Elles ont repris les études après 40 ans

Par Géraldine Dormoy-Tungate
Publié le
études après 40 ans
En quête de sens, mal orientées à l'adolescence ou piquées par le besoin de se réinventer, nombreuses sont les femmes à y avoir pensé. Malgré les difficultés, nos quatre témoins, elles, se sont lancées. Et aucune ne regrette sa décision.

Fabienne Benaroch, infirmière, s'est arrêtée vingt-cinq ans pour élever ses quatre enfants. "Un jour, le dernier, alors âgé de 13 ans, a écrit sur des papiers administratifs à l'école : 'Profession de la mère : rien.' J'en ai déduit que mon fils était autonome et qu'il était temps que je m'occupe de moi." 

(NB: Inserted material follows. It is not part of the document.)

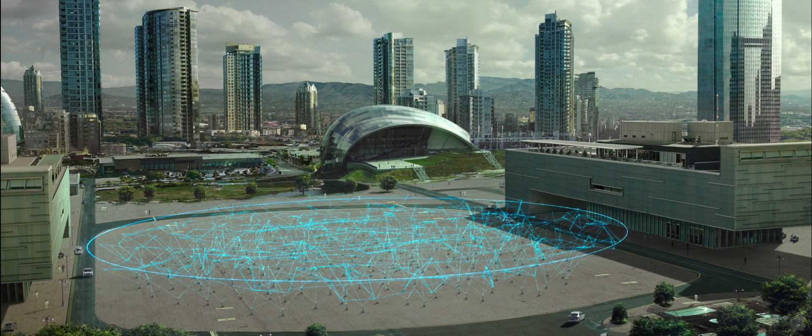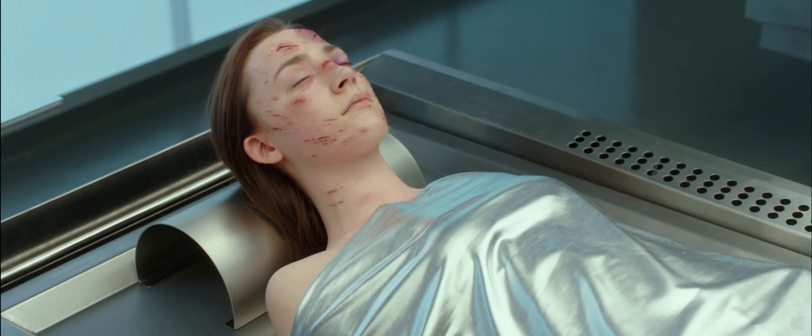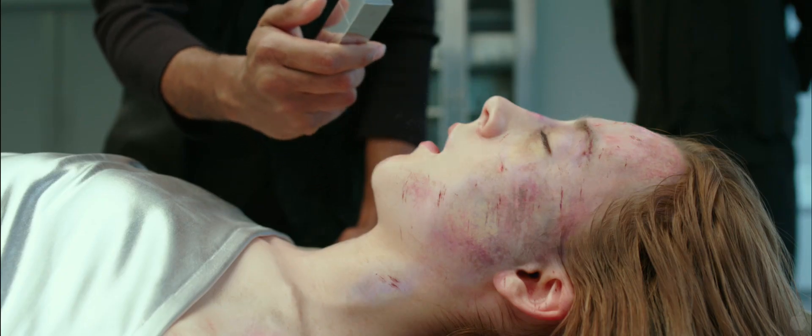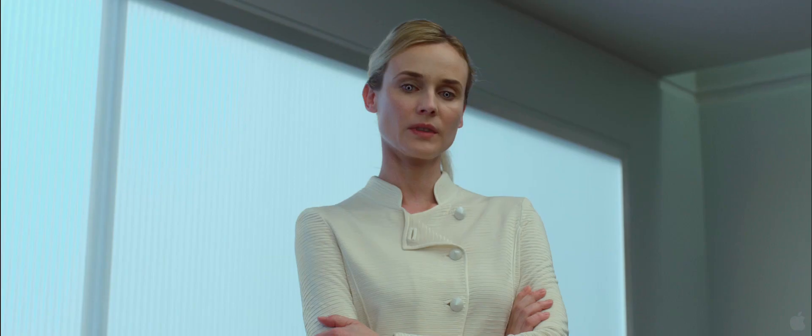Barely a bone not broken, or organ ruptured. This one wants to live.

En 2017, à 53 ans, elle s'est formée pour devenir sophrologue. "J'étais fière d'être la doyenne de l'école. Dans ma tête, j'ai toujours 15 ans !"

Vidéo du jour

Retourner à l'école une fois adulte, beaucoup y pensent : selon le baromètre de la formation professionnelle 2023, 54 % des sondé·es se disent susceptibles de reprendre des études. En France, le contexte s'y prête. Un climat de remise en question du sens que l'on donne à son travail flotte dans l'air, les possibilités d'aides sont désormais connues - comme le CPF (compte personnel de formation) ou Pôle emploi - et le Covid a facilité l'accès à des formations diversifiées, notamment grâce aux plateformes d'apprentissage en ligne – Coursera, Udemy, edX...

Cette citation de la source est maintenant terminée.